§ Directions for this task
Although the records contain pictures, none belong in the copy: restate word for word only the lines from the one with "Spielplatz Lindenbühl - klettern" through the one with "suzuki dr 600", both included.
··· Records shown ···
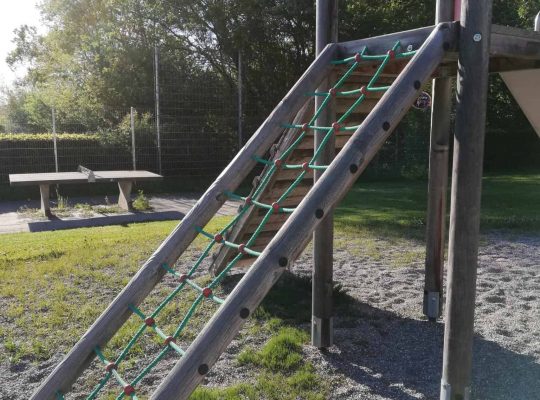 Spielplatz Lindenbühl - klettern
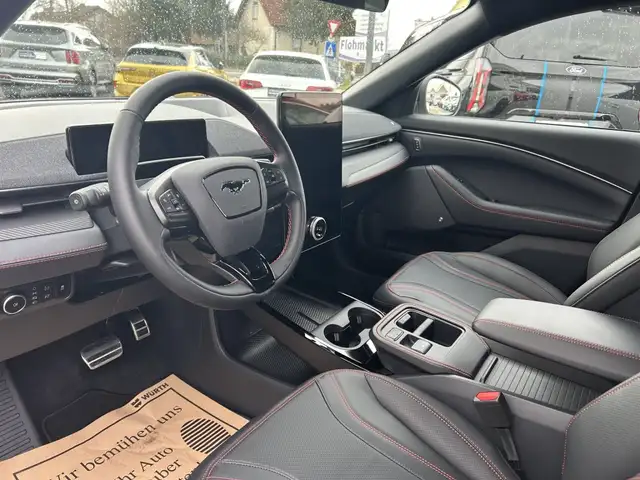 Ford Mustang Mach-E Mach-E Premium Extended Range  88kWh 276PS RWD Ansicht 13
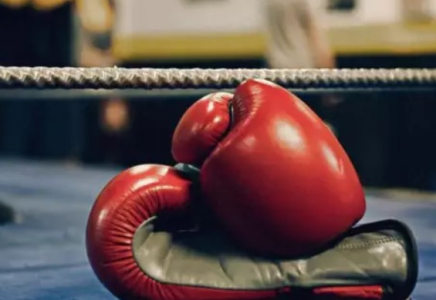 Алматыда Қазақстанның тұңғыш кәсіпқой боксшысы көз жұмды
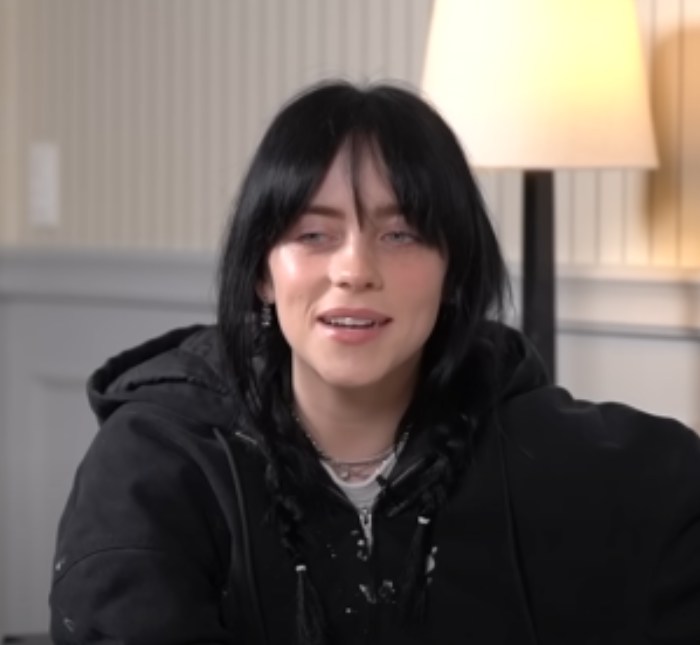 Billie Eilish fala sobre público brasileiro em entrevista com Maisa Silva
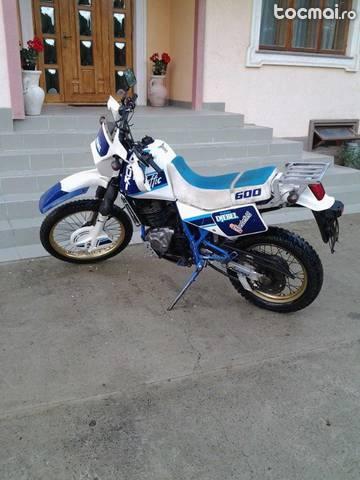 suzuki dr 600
···
··· Records shown ···
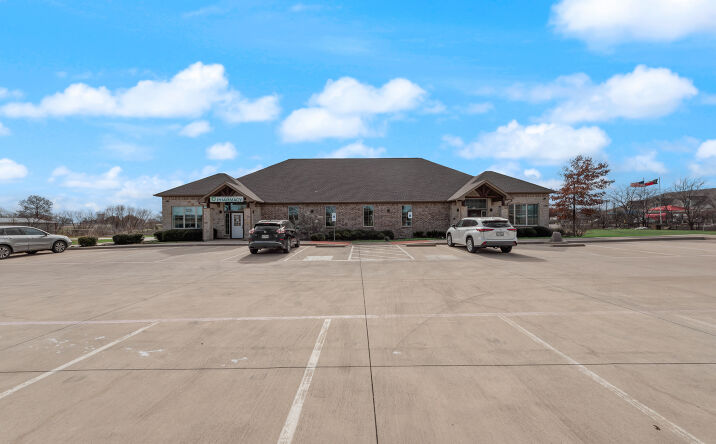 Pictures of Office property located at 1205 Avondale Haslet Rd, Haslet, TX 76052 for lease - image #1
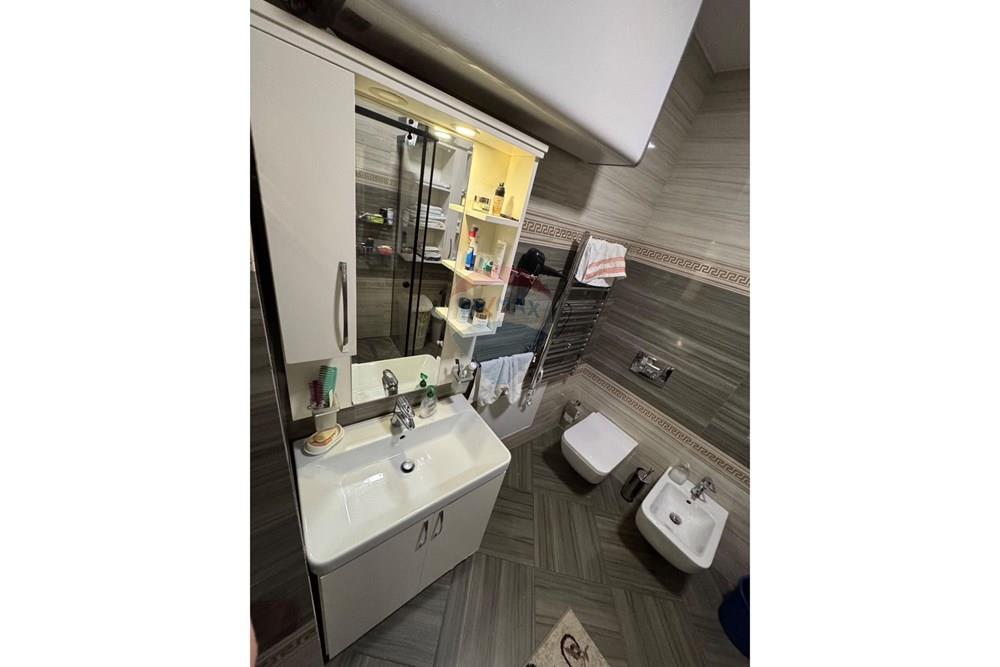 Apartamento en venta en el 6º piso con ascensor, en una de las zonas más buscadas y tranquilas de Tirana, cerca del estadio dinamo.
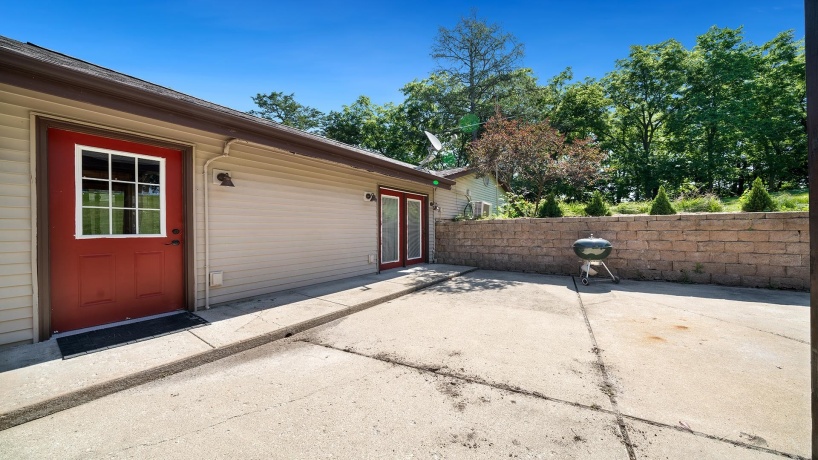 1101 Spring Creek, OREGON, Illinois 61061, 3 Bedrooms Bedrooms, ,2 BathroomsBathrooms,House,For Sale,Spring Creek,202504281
···
··· Records shown ···
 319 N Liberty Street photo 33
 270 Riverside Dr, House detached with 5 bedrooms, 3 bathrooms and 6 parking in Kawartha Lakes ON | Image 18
···
§ Answer space
 Spielplatz Lindenbühl - klettern
 Ford Mustang Mach-E Mach-E Premium Extended Range  88kWh 276PS RWD Ansicht 13
 Алматыда Қазақстанның тұңғыш кәсіпқой боксшысы көз жұмды
 Billie Eilish fala sobre público brasileiro em entrevista com Maisa Silva
 suzuki dr 600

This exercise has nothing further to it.